How the queen's coronation created a TV battle
How Queen Elizabeth's coronation created a TV broadcasting battle in the U.S. 03:07

London — Seven decades ago, the coronation of a queen in the U.K. served as a battleground for broadcasters in the U.S.

With television in its infancy, CBS and NBC fought their first all-out war for supremacy in 1953 to screen the pageantry to a post-war America still marveling at moving pictures synchronized to sound.

At the time, CBS News' Ron Cochrane reported from Boston's Logan International Airport. With transmission satellites a decade away, and Atlantic underwater cable too expensive, U.S. networks flew reels in from the U.K. Both CBS and NBC built new broadcast facilities and waited at Logan, because it was one hour closer to London than New York.

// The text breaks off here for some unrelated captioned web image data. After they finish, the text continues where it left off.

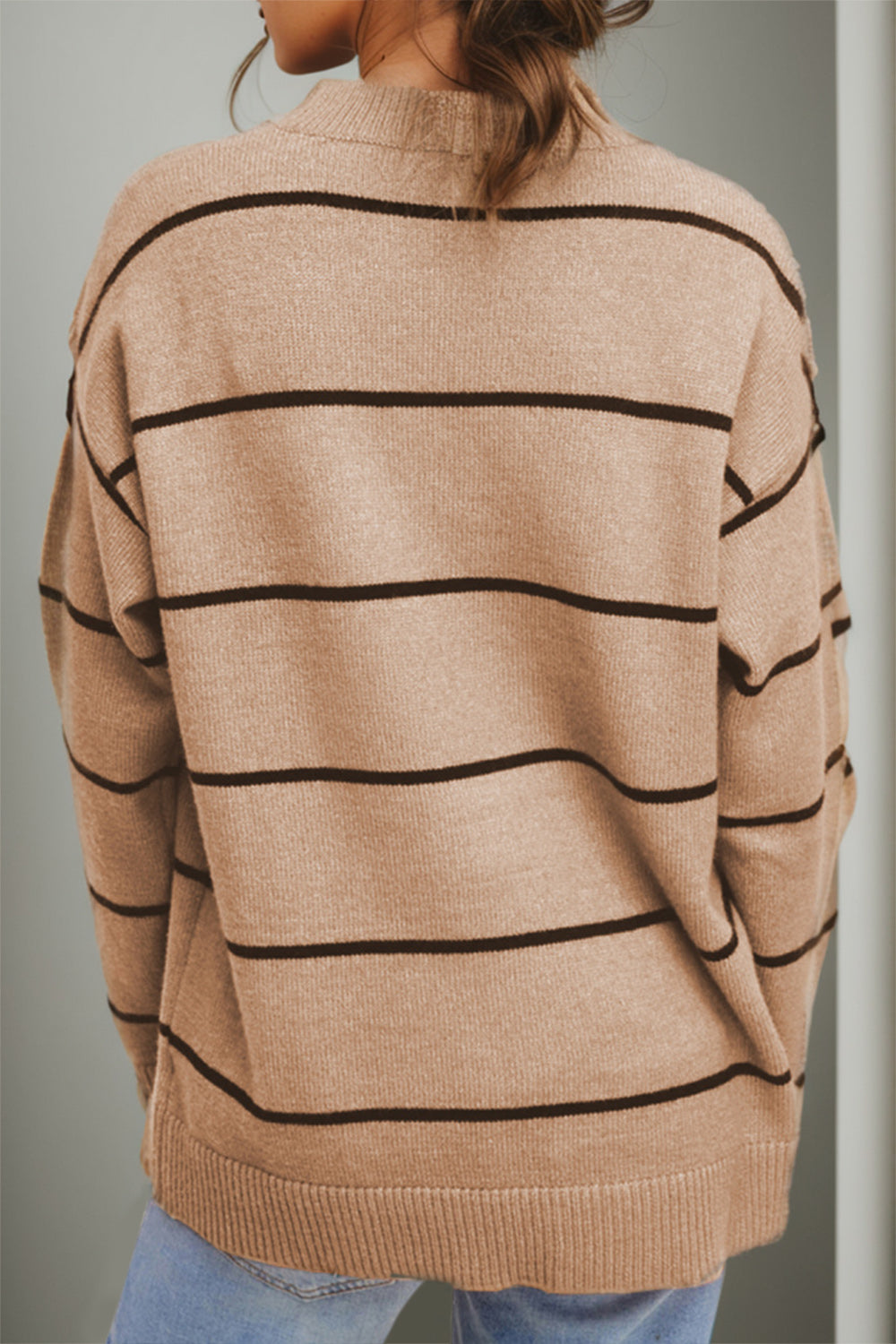 Striped Round Neck Dropped Shoulder Sweater - Tantalize Boutique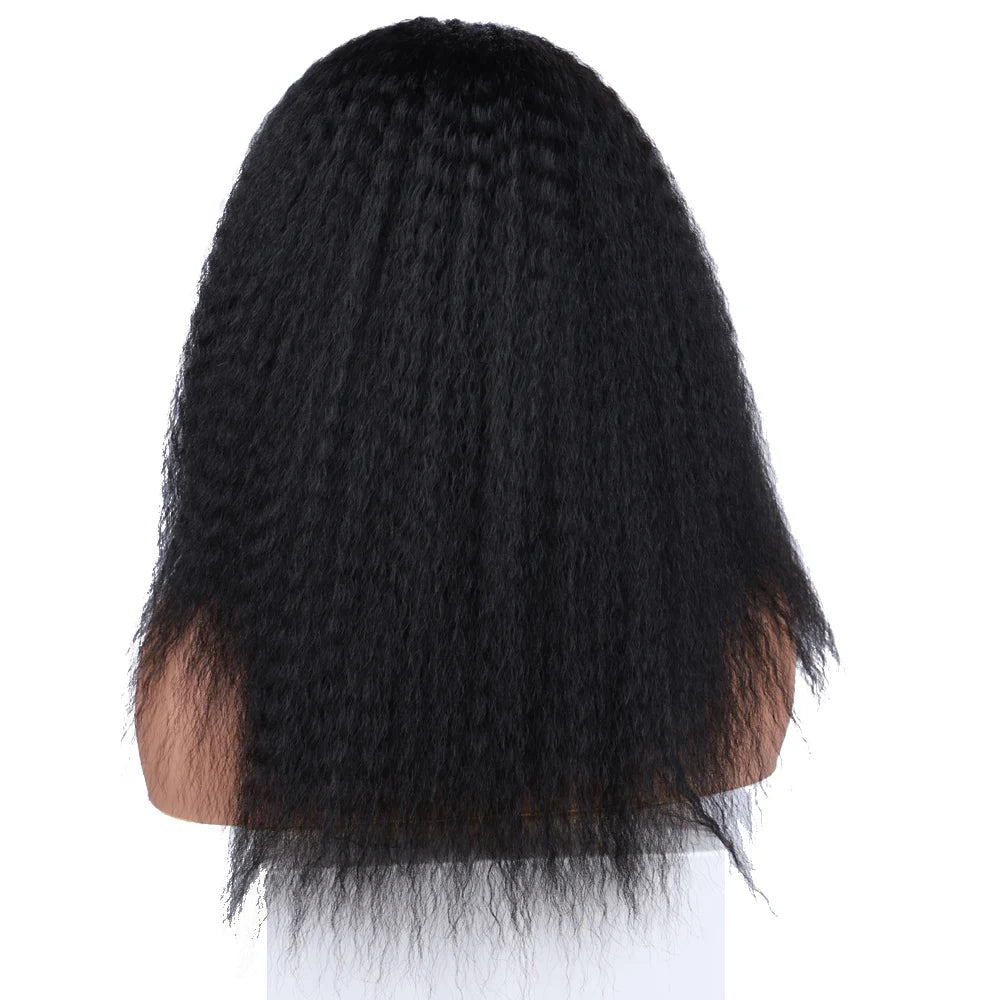 Short Kinky Straight Synthetic Wig High Puff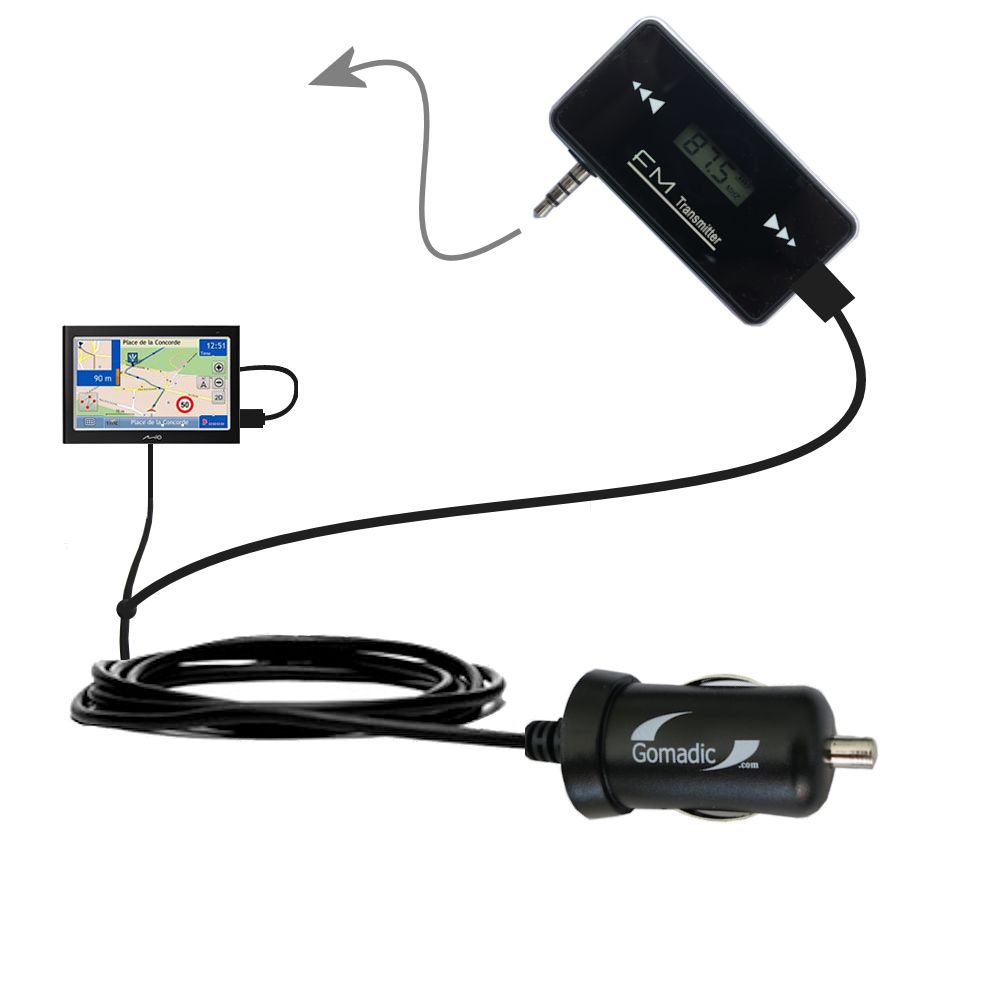 FM Transmitter Plus Car Charger compatible with the Mio C728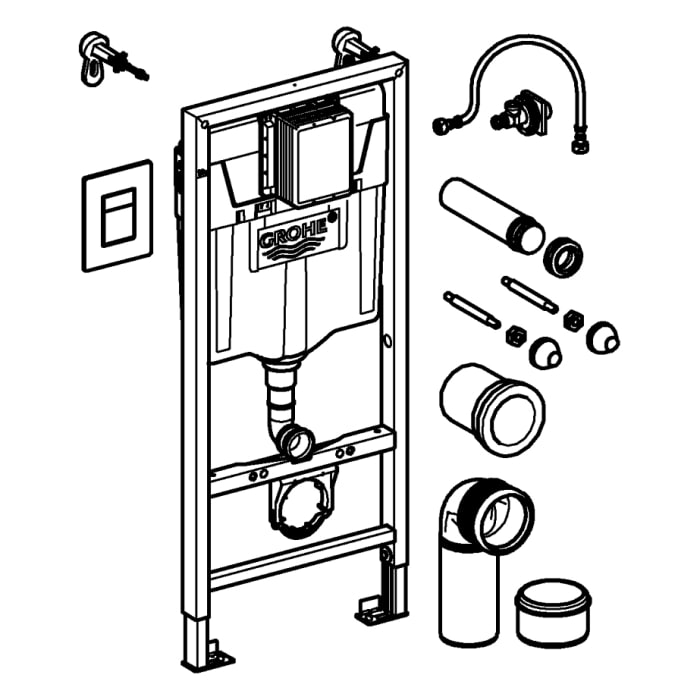 GROHE Solido 3-in1 Set für WC, Bauhöhe 113 cm mit Abdeckplatte Even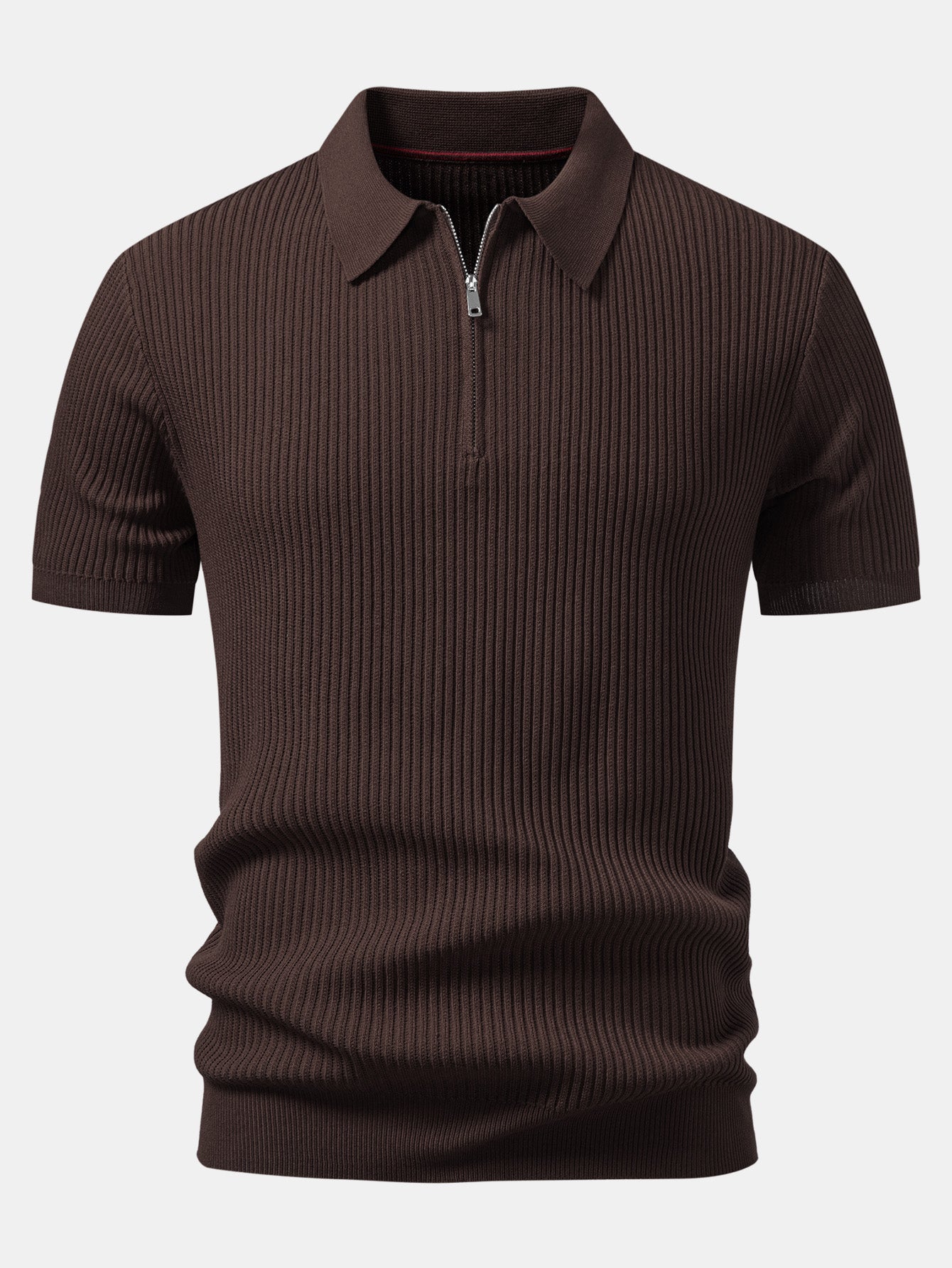 Ribbed Zipper Knit Polo
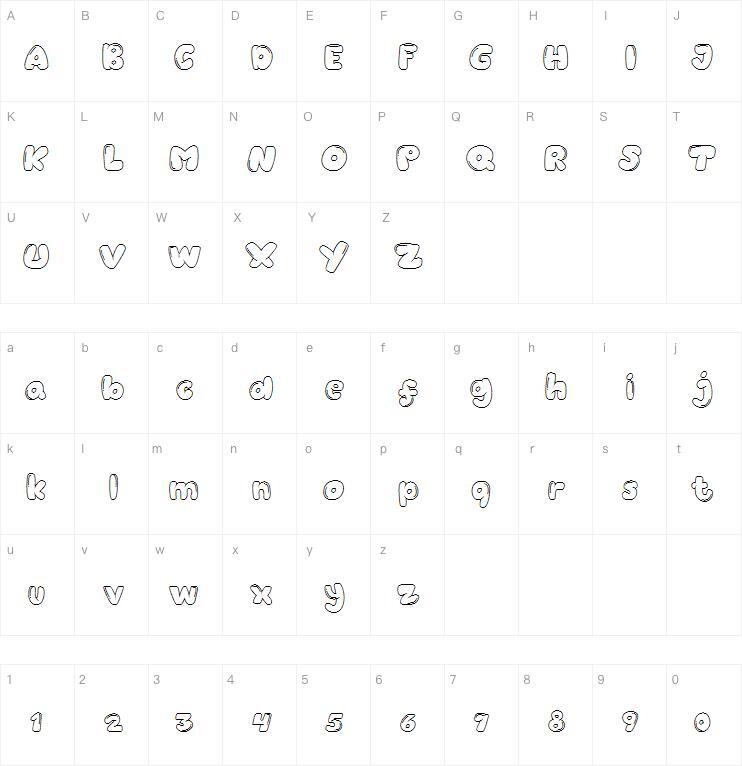 Балонку字体 Карта персонажей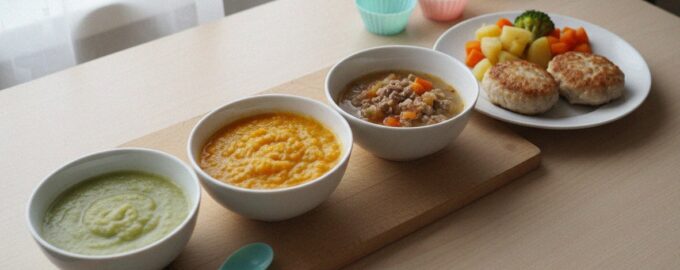 Детская еда до года: пюре из кабачка, тыквенная каша, суп-пюре с мясом и паровые котлеты с овощами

Coronation of Queen Elizabeth II
The scene inside Westminster Abbey during the coronation of Queen Elizabeth II, on June 2, 1953. Matt Green / Getty Images

While Americans waited to see the splendor and spectacle for themselves, CBS News' Bill Downs relayed news from the control tower as staff scanned the flight scope.  

CBS' plane landed at 4:12 p.m. Eastern time on June 2, 1953, to celebration, with NBC's plane some 45 minutes behind.

However, it was not a clear victory. NBC, realizing it would lose the flight race to CBS, made a last-minute deal with ABC. Younger and smaller at the time, ABC piggybacked off Canada's coverage on the CBC.

By the time CBS engineers fed their own reel to go to air, it was too late. NBC, thanks to ABC and the Canadians, had beaten CBS by 13 minutes.

However, years later, Walter Cronkite shared a secret story of a mix-up. The first reel CBS chose turned out to be the wrong one. But, it let CBS say that it had showed America the actual coronation first because NBC had started its own broadcast from the very beginning of the ceremony.

And, as Cronkite would say, "that's the way it is."